Exercise data Block Start

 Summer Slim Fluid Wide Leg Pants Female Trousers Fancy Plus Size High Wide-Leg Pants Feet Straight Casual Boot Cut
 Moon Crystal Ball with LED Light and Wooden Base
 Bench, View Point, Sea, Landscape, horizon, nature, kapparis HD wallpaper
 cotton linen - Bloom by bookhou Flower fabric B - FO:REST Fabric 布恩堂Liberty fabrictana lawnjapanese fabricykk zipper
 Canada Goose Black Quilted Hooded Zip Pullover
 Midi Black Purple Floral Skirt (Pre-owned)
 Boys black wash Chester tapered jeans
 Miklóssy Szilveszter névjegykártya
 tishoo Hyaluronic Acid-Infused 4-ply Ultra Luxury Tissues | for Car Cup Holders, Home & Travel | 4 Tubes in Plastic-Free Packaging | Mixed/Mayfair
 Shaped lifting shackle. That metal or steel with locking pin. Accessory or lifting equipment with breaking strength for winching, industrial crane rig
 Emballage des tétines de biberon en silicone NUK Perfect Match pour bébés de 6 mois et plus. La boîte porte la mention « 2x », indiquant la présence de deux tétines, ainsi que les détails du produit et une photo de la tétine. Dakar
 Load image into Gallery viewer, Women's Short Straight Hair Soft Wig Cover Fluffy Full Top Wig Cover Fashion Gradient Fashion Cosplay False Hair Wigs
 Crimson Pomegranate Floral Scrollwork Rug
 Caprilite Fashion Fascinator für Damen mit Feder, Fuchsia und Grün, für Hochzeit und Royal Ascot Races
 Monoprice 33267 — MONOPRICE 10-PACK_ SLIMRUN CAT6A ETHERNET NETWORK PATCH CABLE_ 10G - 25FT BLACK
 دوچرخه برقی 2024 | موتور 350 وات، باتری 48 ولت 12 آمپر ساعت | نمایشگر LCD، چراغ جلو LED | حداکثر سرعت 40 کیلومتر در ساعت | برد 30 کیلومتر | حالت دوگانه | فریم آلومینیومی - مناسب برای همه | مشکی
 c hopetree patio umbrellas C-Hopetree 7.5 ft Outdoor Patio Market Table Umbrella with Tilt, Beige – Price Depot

Exercise data Block End

* [Prompt] Nothing but an exact copy of the lines from the start of the entries through the line containing "cotton linen - Bloom" belongs in the response.

* [Answer to this task]
 Summer Slim Fluid Wide Leg Pants Female Trousers Fancy Plus Size High Wide-Leg Pants Feet Straight Casual Boot Cut
 Moon Crystal Ball with LED Light and Wooden Base
 Bench, View Point, Sea, Landscape, horizon, nature, kapparis HD wallpaper
 cotton linen - Bloom by bookhou Flower fabric B - FO:REST Fabric 布恩堂Liberty fabrictana lawnjapanese fabricykk zipper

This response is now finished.